Abstract:
The most important resources to fulfill today's energy demands are fossil
fuels, such as oil and natural gas. When exploiting hydrocarbon reservoirs, a
detailed and credible model of the subsurface structures is crucial in order
to minimize economic and ecological risks. Creating such a model is an
inverse problem: reconstructing structures from measured reflection seismics.
The major challenge here is twofold: First, the structures in highly
ambiguous seismic data are interpreted in the time domain. Second, a velocity
model has to be built from this interpretation to match the model to depth
measurements from wells. If it is not possible to obtain a match at all
positions, the interpretation has to be updated, going back to the first
step.
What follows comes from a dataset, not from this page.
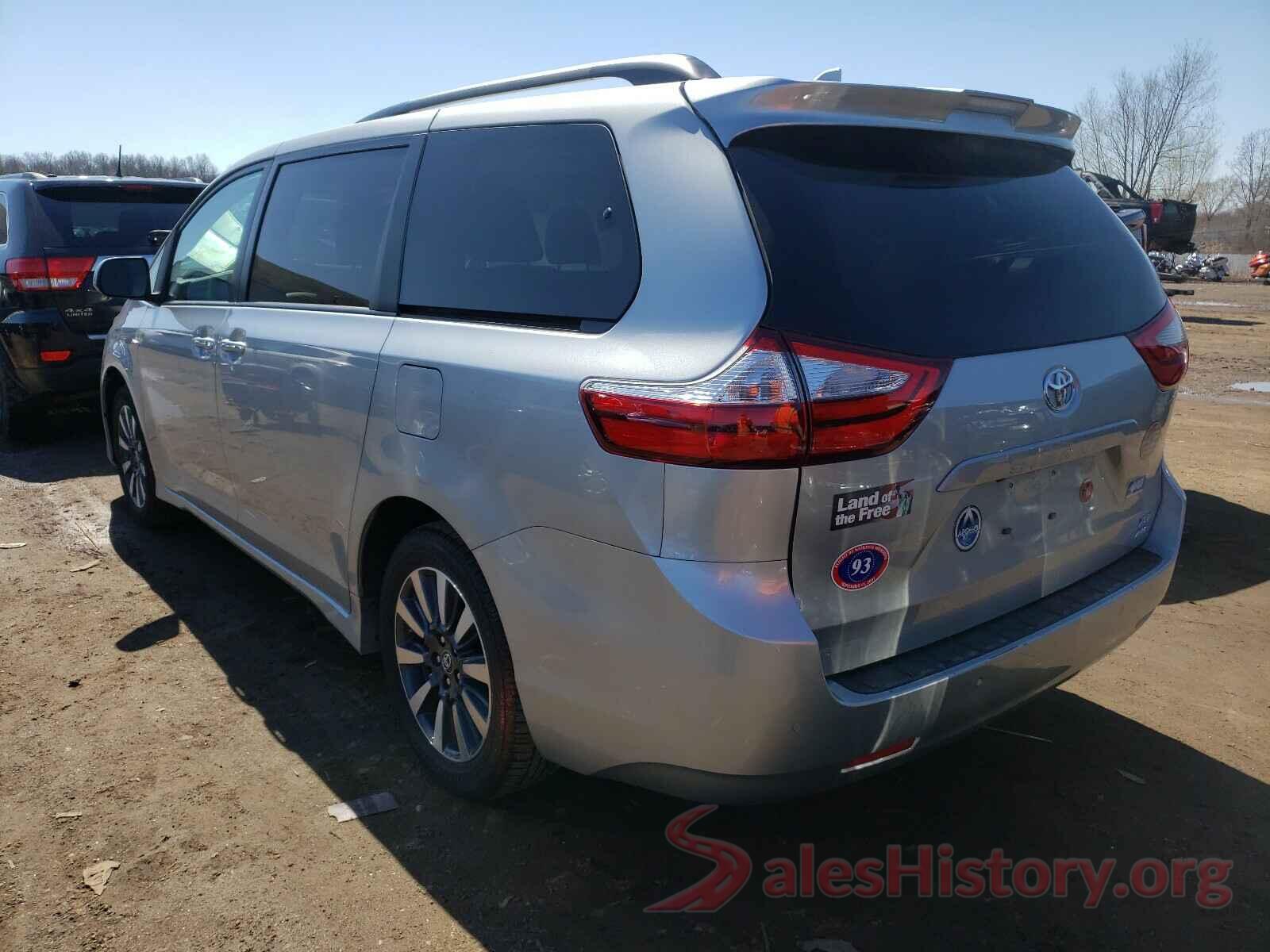 5TDDZ3DC0KS219702 2019 TOYOTA SIENNA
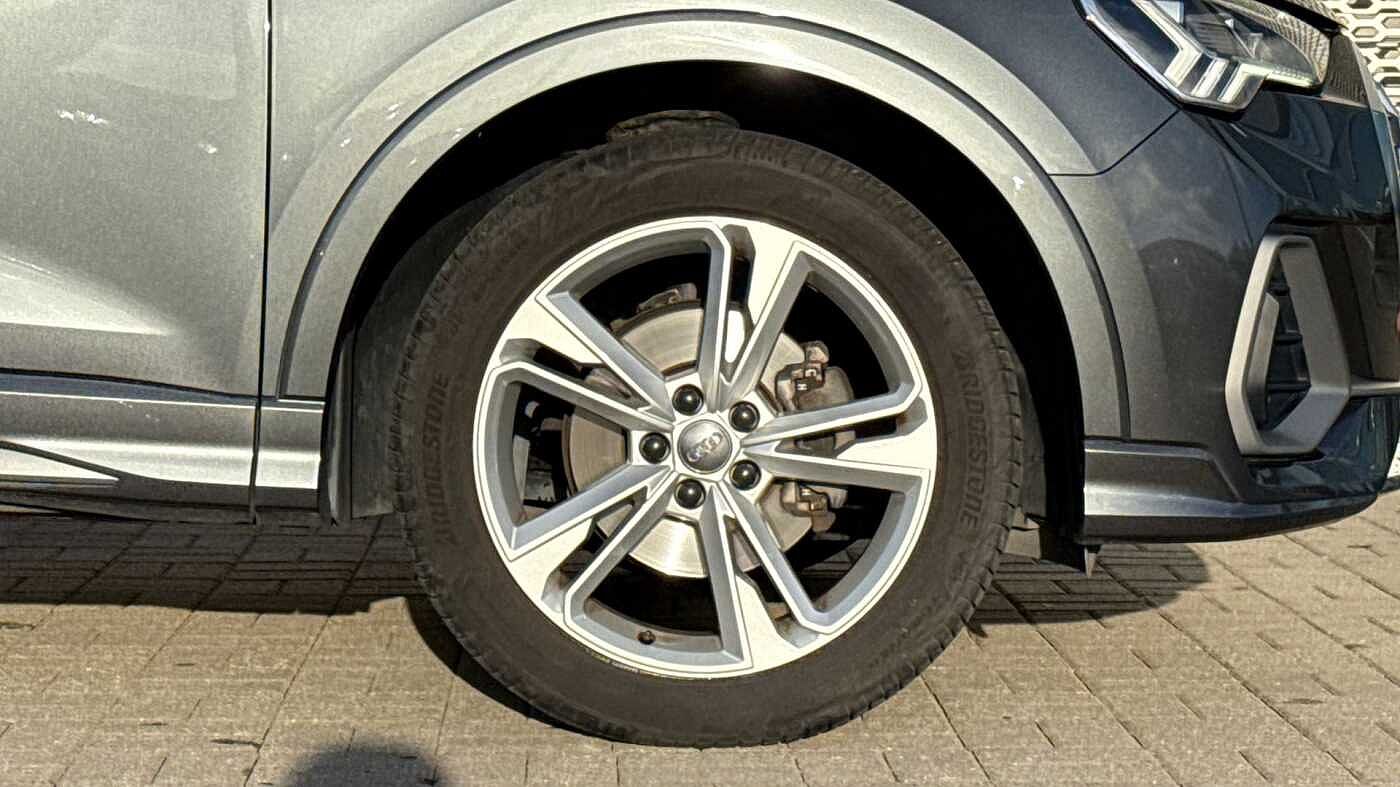 Used Audi Q3 2019 for sale - 76673779: Photo 5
This results in a lengthy back and forth between the different steps,
or in an unphysical velocity model in many cases. This paper presents a
novel, integrated approach to interactively creating subsurface models from
reflection seismics. It integrates the interpretation of the seismic data
using an interactive horizon extraction technique based on piecewise global
optimization with velocity modeling. Computing and visualizing the effects of
changes to the interpretation and velocity model on the depth-converted model
on the fly enables an integrated feedback loop that enables a completely new
connection of the seismic data in time domain and well data in depth domain.
Using a novel joint time/depth visualization, depicting side-by-side views of
the original and the resulting depth-converted data, domain experts can
directly fit their interpretation in time domain to spatial ground truth
data. We have conducted a domain expert evaluation, which illustrates that
the presented workflow enables the creation of exact subsurface models much
more rapidly than previous approaches.